Legal, Safety and Environmental Considerations of Crime Scene Cleanup

Local Biohazard Cleanup

The field of crime scene clean up is often practiced by companies that also perform blood, homicide, suicide, meth lab, odor removal and staph infection cleanups. The perils of improper crime scene clean up include legal, environmental and safety problems. Finding a company that will manage all of these perils can be difficult.

Beginning in 1969 Congress began legislating large-scale legislative frameworks such as the Clean Air Act and the Clean Water Act to address overwhelming problems of pollution and the contamination of lakes and rivers throughout our country. The development of the EPA accelerated the banning and regulation of the discharge of thousands of toxic or hazardous substances. Many states and municipalities followed suit in successive decades to regulate local pollution emissions and demand that private individuals and businesses safely dispose of a bevy of chemicals and discharges.

As the field of medicine has expanded to understand more about the dangers of Local Biohazard Cleanup they have fallen into the realm of EPA regulation. These regulations apply to both disposal and transportation of these substances. It is important to find a cleanup company that understands and follows these guidelines because with EPA, problems of compliance roll back up hill to the generator of the substances. Accordingly, public agencies and private landowners have each become knowledgeable of the necessity to utilize the services of professional crime scene clean up companies to ensure they do not suffer such exposure to unnecessary legal and liability troubles.

Additionally, OSHA, has recognized the same issues of safety in work environments apply as that of disposal safety issues and EPA. OSHA has the power to fine employers that fail to properly train and safeguard their employees when dealing with biohazardous substances. Employers, such as hotels and apartment complexes rarely have employees properly trained and equipped to handle death and accident scenes that involve blood or other bodily fluids. Therefore it is imperative that they hire a crime scene company that does have the proper training and follows OSHA guidelines when cleaning biohazards on their properties.

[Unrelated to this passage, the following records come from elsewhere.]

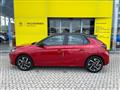 OPEL CORSA Nuova GS 1.2 75cv MT5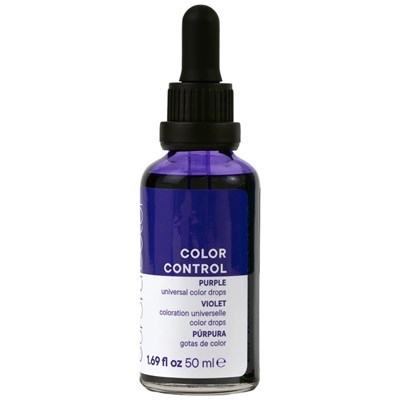 eufora PURPLE 1.69 Fl. Oz.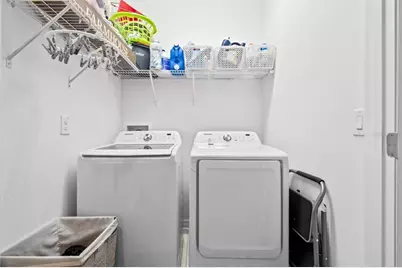 6262 Goldcoast Avenue, Apollo Beach, FL 33572 - Photo 21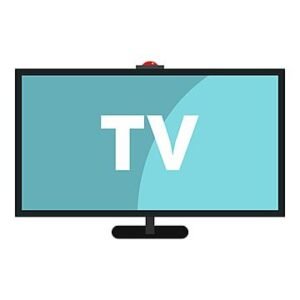 Televisions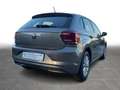 Volkswagen Polo Highline 1,0 l TSI OPF 70 kW (95 PS) 7-Gang Grau - thumbnail 4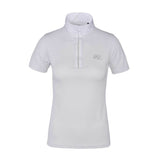 Kingsland Anthea Ladies Shirt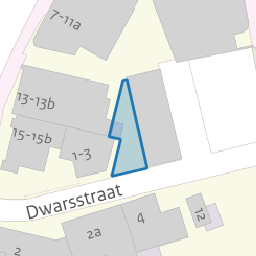 Perceel MBT00-E-4943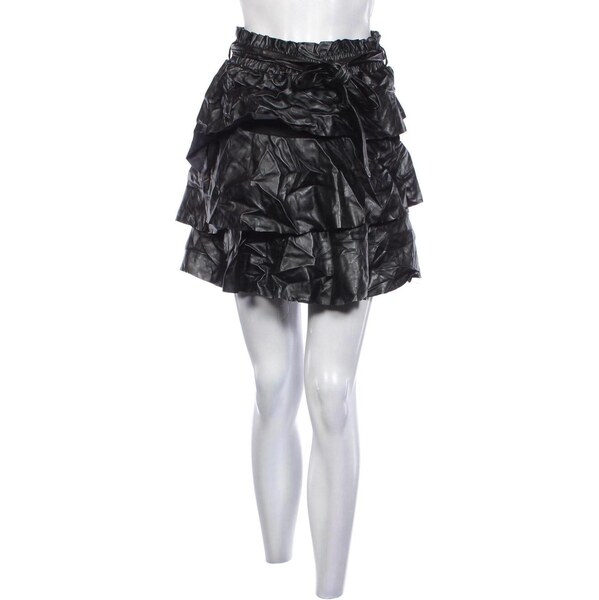 Sukňa Unbranded 61881482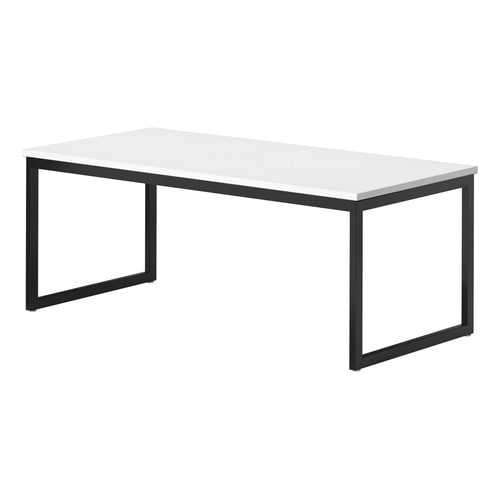 QBMTGテーブルW1800D900BOW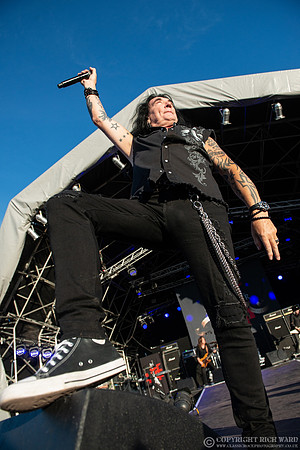 Michael Schenker Group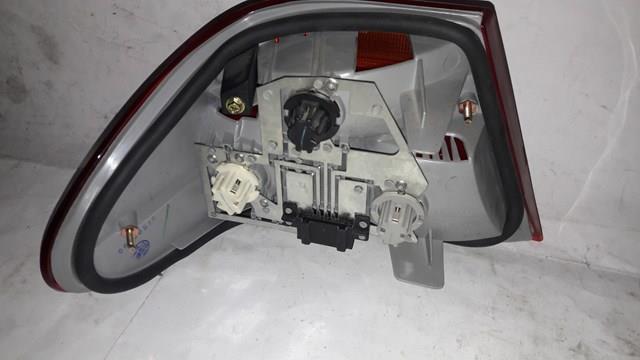 TYC 115189052 Фонарь задний правый внешний в наличии Днепр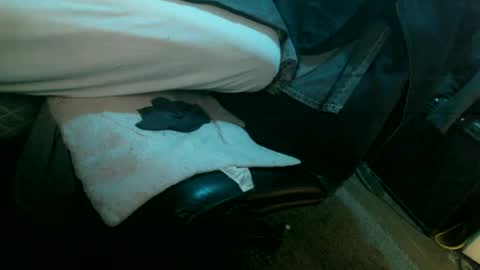 eddiedanger5 online show from December 2024 10:32:02 PM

Last, most companies that would need a cleanup tend to see things as a cost analysis issue. Unfortunately for them and for the public, they forget to factor in the liability cost. If they are caught disposing of biohazardous substances improperly or an employee or client becomes sick as a result of improper cleaning or disposal, the liability can be in the millions. It is cheaper in the long run to just do it correctly and hire a professional company to handle any of the things falling under the heading of crime scene cleaning.